Poucos dias depois, Derrida iria ao Louvre fazer a primeira reunião que iria gerar a exposição Mémoires d' Aveugle a partir das coleções do museu. O desafio da curadoria era confiar a escolha de uma proposta que gerasse uma reflexão sobre alguma virtude demonstrativa da obra e destacasse algo essencial da coleção do museu. Voltando para casa depois desse encontro, imediatamente ele pensou em um título provisório para encabeçar suas notas L’ouvre où ne pas voir:

Ceci ne doit pas se lire, je vous l’ai dit, comme le journal d’une exposition. J’en retiens seulement la chance ou le lieu d’une question pensive: que pourrait être un journal d’ aveugle, l’intime ou l’autre, et le jour, donc, le rythme des jours et des nuits sans jour, les dates et les calendriers qui scandent les mémoires? (DERRIDA, 1990, p. 38)

Essa reflexão inicial coloca o seu estudo sob a tensão do olhar. Não quer refletir sobre poemas, cantos ou relatos de cegos, mas memórias. E, portanto, um tipo de escrita que coloca as ideias no campo da realidade: a cegueira sentida na carne. E, mais, a dimensão de tempo e espaço, que para o cego não podem ser mensurados: não há a visão do relógio, do calendário, das datas.

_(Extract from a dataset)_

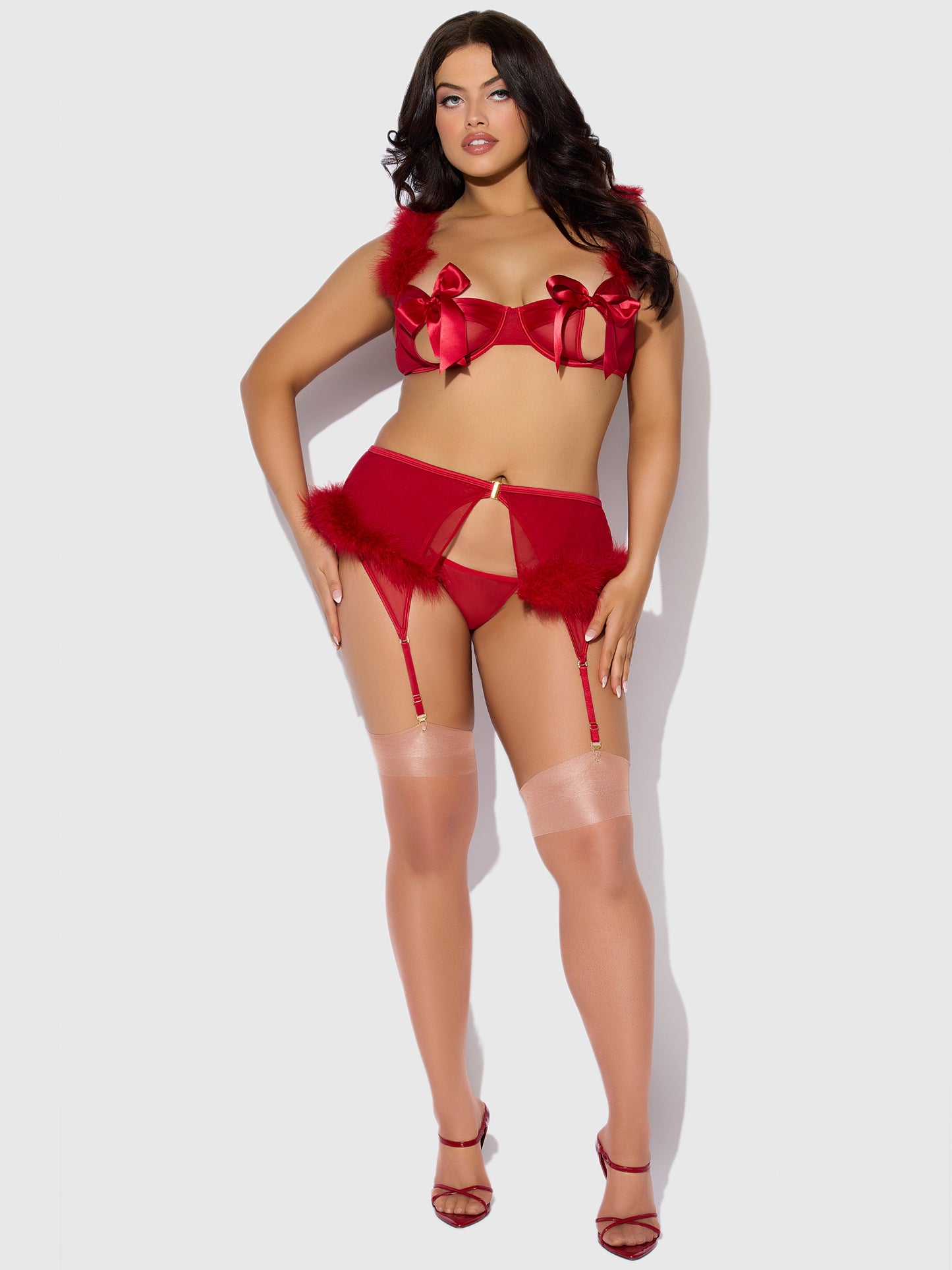 MARILYN MARABOU & MESH OPENABLE BRA, GARTER, & G-STRING SET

Partindo de sua própria dificuldade de desenhar, Derrida se pergunta sobre como a invisibilidade pode gerar o desenho. Pergunta simples, mas que traz à tona novamente a expressão de Milton “escuridão visível”. Dentro das trevas é possível enxergar algo? Nossos olhos físicos nos alertam para as falácias do mundo? A insularidade do cego em sua escuridão o isola ou priva das coisas? Derrida não define respostas, mas aponta linhas de força que nos ajudam a refletir sobre essas perguntas. O “cego que existe nele” renunciou há muito ao desenho por sofrer de um traço imperfeito, ao contrário do irmão mais velho, desenhista talentoso: todos os desenhos enquadrados e religiosamente presos nas paredes dos quartos da casa. O olho de Derrida o fazia admirar o irmão, mas também denunciava um desejo fratricida. Ele iria insistir no esboço? Não, o filósofo renunciaria ao desenho em favor da palavra : “j’étais appelé par un autre trait, cette graphie de mots invisibles, cet accord du temps et de la voix qu’on appelle verbe – ou écriture”(DERRIDA, 1990, p. 46). A retomada ao desenho se dá pelo limite do trauma. Num inverno em que está velando sua mãe no hospital, Derrida decide desenhar o perfil dela. O retorno ao traço se dá pela tentação de registrar este momento entre a vida e a morte, em que ela está num silêncio letárgico e não pode reconhecer as pessoas porque, infelizmente, tem os olhos velados pela catarata.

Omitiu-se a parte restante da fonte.